For further information contact;
Thunder River Enterprises Inc.
Attention: Scott C. Kellaway
Chief Executive Officer
Phone: (807) 577-6463
Forward Looking Statements
Statements in this news release contain forward-looking information within the meaning of applicable securities law. Forward-looking information is frequently characterized by words such as “contemplates”, “intends”, “plan”, “expect”, “project”, “believe”, “anticipate”, “estimate” and other similar words, or statements that certain events or conditions “may” or “will” occur. In particular, forward-looking information in this news release includes, without limitation, statements with respect to the terms and conditions of the Amalgamation and the Private Placement and the completion thereof. Readers are cautioned that assumptions used in the preparation of forward-looking information may prove to be incorrect. Although the Corporation believes that the expectations reflected in the forward-looking information is reasonable, there can be no assurance that such expectations will prove to be correct. The Corporation cannot guarantee future results, level of activity, or performance of achievements. Consequently, there is no representation that the actual results achieved will be the same, in whole or in part, as those set out in the forward-looking information.
Forward-looking information is based on the opinions and estimates of management at the date the statements are made, and are subject to a variety of risks and uncertainties and other factors (many of which are beyond the control of the Corporation) that could cause actual events or results to differ materially from those anticipated in the forward-looking information. Some of the risks and other factors could cause results to differ materially from those expressed in the forward-looking information include, but are not limited to, risks that required regulatory approvals are not obtained; and risks that other conditions to the completion of the Amalgamation or the Private Placement are not satisfied. Readers are cautioned that this list of risk factors should not be construed as exhaustive.
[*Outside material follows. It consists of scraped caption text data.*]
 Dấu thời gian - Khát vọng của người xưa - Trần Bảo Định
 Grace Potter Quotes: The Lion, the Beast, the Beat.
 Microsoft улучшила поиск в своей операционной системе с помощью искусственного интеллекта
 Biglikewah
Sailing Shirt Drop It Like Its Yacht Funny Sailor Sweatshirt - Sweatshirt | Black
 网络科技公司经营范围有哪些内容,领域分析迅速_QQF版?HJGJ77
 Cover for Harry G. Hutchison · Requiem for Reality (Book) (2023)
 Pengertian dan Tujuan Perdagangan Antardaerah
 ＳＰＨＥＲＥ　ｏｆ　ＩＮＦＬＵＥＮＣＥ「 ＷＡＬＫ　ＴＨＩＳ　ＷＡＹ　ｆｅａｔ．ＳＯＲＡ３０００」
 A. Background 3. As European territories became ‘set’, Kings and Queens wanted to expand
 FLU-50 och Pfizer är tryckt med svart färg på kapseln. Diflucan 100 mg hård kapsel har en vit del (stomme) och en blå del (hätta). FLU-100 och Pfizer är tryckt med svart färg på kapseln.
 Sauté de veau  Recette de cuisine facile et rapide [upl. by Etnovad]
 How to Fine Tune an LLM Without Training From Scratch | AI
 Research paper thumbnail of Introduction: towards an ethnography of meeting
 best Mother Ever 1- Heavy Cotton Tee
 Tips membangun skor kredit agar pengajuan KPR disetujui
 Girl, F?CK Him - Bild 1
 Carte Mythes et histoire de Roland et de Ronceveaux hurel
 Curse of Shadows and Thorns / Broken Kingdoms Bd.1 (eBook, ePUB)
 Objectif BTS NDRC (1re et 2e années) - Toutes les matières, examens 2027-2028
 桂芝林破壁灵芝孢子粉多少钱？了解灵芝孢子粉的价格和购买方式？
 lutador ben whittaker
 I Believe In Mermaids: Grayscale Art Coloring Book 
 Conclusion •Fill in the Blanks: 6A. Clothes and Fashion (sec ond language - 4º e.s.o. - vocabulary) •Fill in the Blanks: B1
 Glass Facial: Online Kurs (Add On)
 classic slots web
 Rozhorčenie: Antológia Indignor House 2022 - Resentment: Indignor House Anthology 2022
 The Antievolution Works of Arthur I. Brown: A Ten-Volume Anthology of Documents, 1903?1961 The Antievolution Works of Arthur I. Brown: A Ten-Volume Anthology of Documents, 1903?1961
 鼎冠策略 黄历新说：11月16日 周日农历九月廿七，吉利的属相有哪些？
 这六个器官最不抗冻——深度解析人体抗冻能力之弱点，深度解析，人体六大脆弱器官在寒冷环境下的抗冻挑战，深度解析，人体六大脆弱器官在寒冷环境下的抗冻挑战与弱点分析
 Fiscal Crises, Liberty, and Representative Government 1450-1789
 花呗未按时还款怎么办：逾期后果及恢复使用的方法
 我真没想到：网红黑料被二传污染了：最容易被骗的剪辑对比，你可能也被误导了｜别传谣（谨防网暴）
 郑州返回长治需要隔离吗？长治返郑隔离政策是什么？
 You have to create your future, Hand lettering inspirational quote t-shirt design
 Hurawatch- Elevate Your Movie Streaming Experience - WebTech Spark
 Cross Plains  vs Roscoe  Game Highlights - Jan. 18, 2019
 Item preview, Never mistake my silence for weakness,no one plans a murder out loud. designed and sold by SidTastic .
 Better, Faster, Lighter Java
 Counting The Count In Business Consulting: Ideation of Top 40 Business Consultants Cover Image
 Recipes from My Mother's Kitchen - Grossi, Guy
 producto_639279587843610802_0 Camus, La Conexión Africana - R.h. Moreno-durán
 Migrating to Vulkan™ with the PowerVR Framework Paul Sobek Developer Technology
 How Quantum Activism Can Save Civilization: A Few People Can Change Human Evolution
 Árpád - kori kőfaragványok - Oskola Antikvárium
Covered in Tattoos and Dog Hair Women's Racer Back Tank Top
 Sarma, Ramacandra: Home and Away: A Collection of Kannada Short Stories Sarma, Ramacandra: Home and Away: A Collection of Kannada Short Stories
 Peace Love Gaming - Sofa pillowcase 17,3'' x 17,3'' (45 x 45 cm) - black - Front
The forward-looking information contained in this news release is expressly qualified by this cautionary statement. The Corporation undertakes no obligation to update or revise any forward-looking statements to conform such information to actual results or to changes in its expectations except as otherwise required by applicable securities legislation. Readers are cautioned not to place undue reliance on forward-looking information.